Powiem tak, to czy jest się humanistą czy ścisłowcem nie zależy od nas. Człowiek rodzi się z pewnymi predyspozycjami/zdolnościami/talentem (Zwał jak zwał), które po prostu sprawiają, że jedne rzeczy rozumiej szybciej drugie wolniej. W ogóle charakter, psychika człowieka w dużej mierze kształtuje się już w płodzie więc o czym tu mowa _^_? Biologia, genetyka jest brutalna i choćbyś miał cholernie wielkie ambicje, choćbyś tyrał ponad siły, pewnego stopnia nie przeskoczysz (co innego Twoje dzieci).
Tak jestem humanistą, prawda czuje się może nawet gorszy od ścisłowców bo widzę ile jest przede mną dróg zamkniętych. Różnie się tylko tym, że zdałem sobie dosyć wcześnie sprawę, że muszę coś zadziałać żeby dobrze zdać matmę bo niezależnie czy byłaby obowiązkowa czy nie i tak bym ją zdawał.

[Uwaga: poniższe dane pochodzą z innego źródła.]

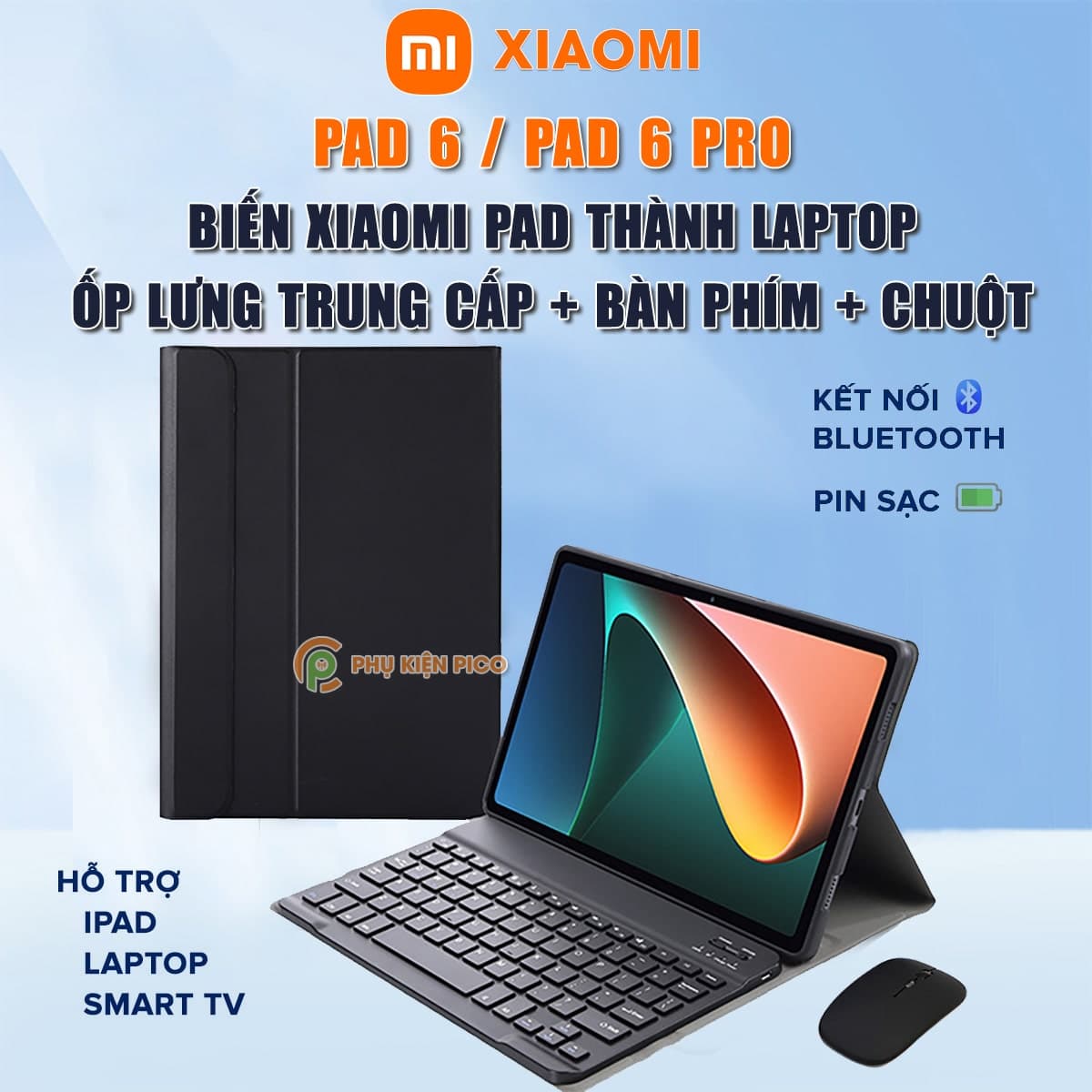 Ốp lưng Xiaomi Mi Pad 6 kèm bàn phím và chuột không dây - Bao da Xiaomi Pad 6 Pro 360 độ bản trung cấp hỗ trợ nhiều góc dựng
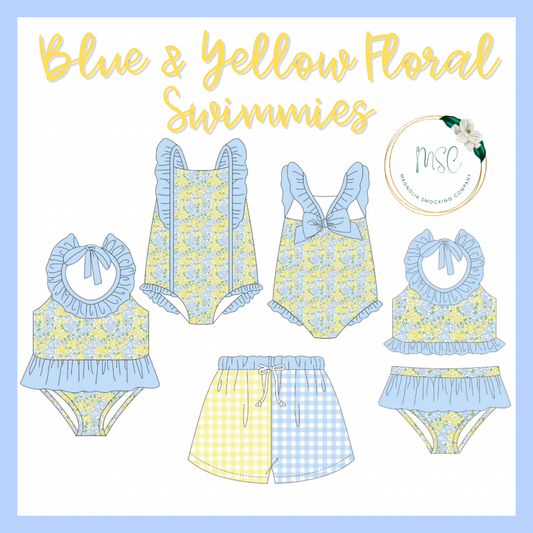 Blue & Yellow Floral Swimmies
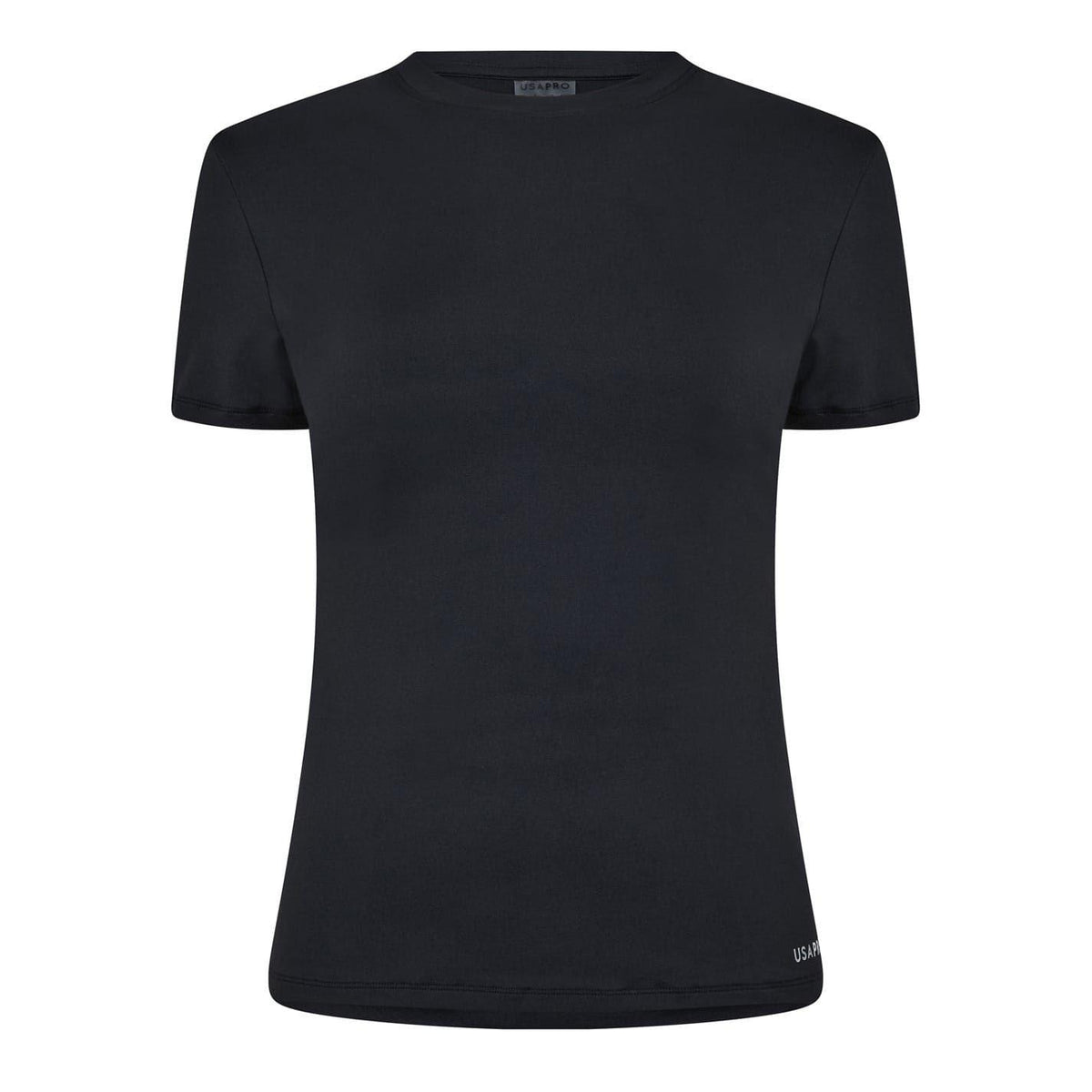 Black - Front - USA Pro Womens-Ladies Essential Slim T-Shirt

Nie uczę się w LO, uczę się w technikum ekonomicznym, dosyć dobrym zresztą, ale matmy jest aktualnie tyle co kot napłakał (dwie godziny w tygodniu, w 1 i 2 klasie były trzy, w czwartej będzie pięć) i nie równoważą tego nawet przedmioty, które w jakiś sposób są z nią związane np. rachunkowość, podstawy ekonomii, ekonomika, statystyka gdyż głównie obliczenia związane z księgowością opierają się na procentach, ułamkach. Radzę sobie w ten sposób, że od roku pomagam sobie korepetycjami. Dwie godziny w tygodniu chyba, że dział jest do zrozumienia przez moją osobę to dwie godziny na dwa tygodnie. Po tej szkole mogę zostać:
a) niemiłym panem w Urzędzie Skarbowym
b) księgowym choć pensja może być z tego niewielka
c) miłym panem w ZUS-ie (przynajmniej w moim mieście jak chodzi o obsługę to jest naprawdę solidna)
d) kasjerem
i generalnie coś by się tam znalazło, ale mniejsza. Nie zamierzam kontynuować tej kariery choć zakładam taką alternatywę.
Nie wybieram się na studia, wybieram się do szkoły podoficerskiej w celu zostania żołnierzem zawodowym w stopniu kaprala, gdzie wymagana jest matura z matmy i angielskiego od kandydatów. To samo jest zresztą w szkołach oficerskich, które dają magistra, a nawet doktorat, oferują różnorodne kierunki, ale jestem na tyle realistą żeby nie rzucać się z motyką na Słońce bo wiem, że nawet gdybym przeszedł egzaminy wstępne to mógłbym wylecieć w czasie studiów. Jeśli nie będzie rekrutacji, trudno pójdę na zwykłego szeregowego i jak trafi się normalny przełożony to pójdę kształcić się dalej żeby iść do przodu w wojskowej karierze.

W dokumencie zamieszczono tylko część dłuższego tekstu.